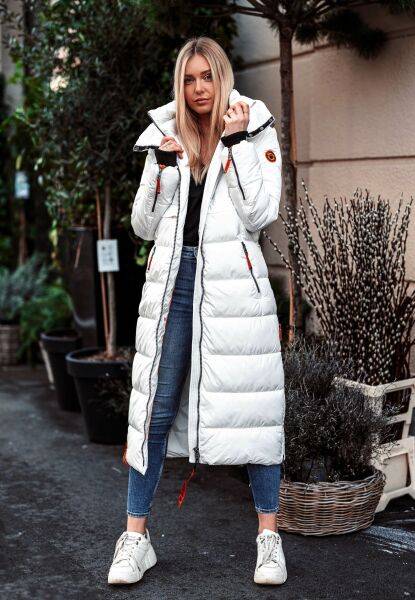 Marikoo Navahoo Kristallblume Damen Winter Steppjacke Riesige Ersparnisse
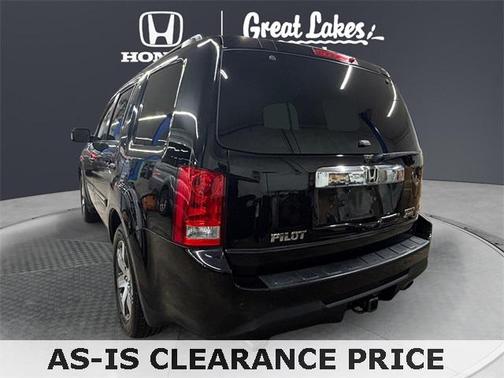 2012 Honda Pilot Touring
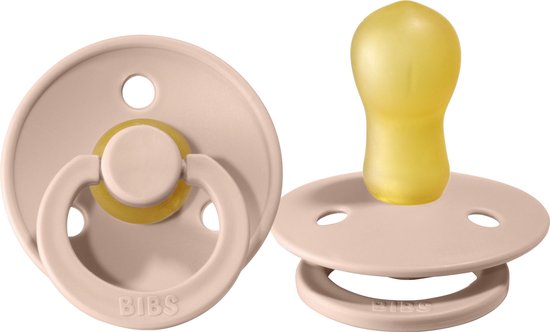 Bibs fopspeen - maat 3 18-24 maanden - 1 stuk - blush van Bibs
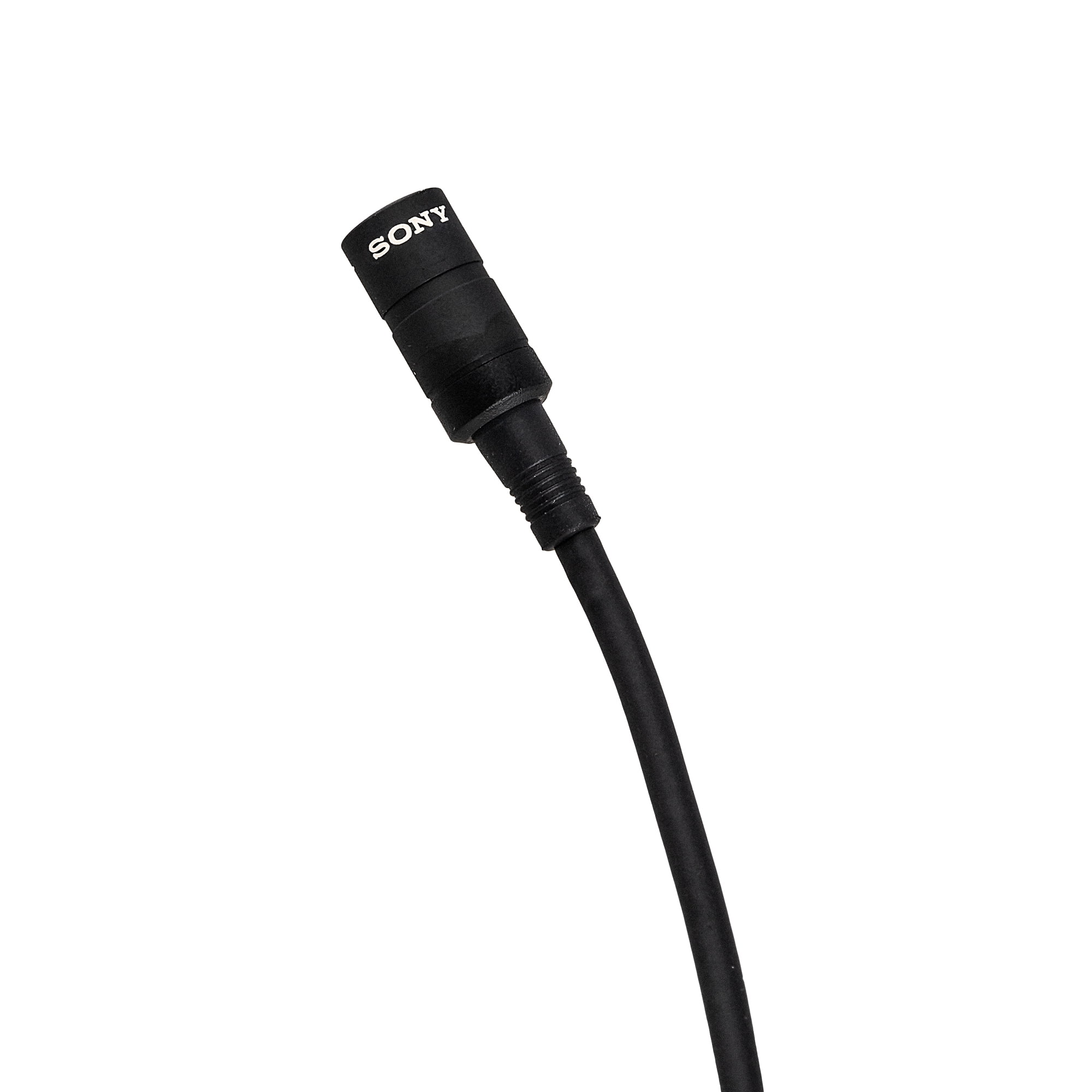 Sony ECM-77 Omnidirectional Lavalier Microphone with Hirose Connector (International Model)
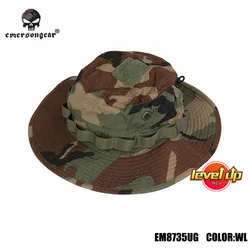 Level Up Version Tactical Camouflage Boonie Hat Tactical Hat Hunting Cap Sports Sun Hat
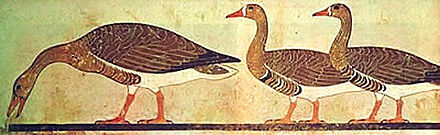 LA TOMBA DELLO SCRIBA MENNA e IL FREGIO DELLE OCHE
::::::::
### PROBLEM:
Images in the data above are to be skipped. Retype all other material exactly.

### TASK SOLUTION:
 Marikoo Navahoo Kristallblume Damen Winter Steppjacke Riesige Ersparnisse
 2012 Honda Pilot Touring
 Bibs fopspeen - maat 3 18-24 maanden - 1 stuk - blush van Bibs
 Sony ECM-77 Omnidirectional Lavalier Microphone with Hirose Connector (International Model)
 Level Up Version Tactical Camouflage Boonie Hat Tactical Hat Hunting Cap Sports Sun Hat
 LA TOMBA DELLO SCRIBA MENNA e IL FREGIO DELLE OCHE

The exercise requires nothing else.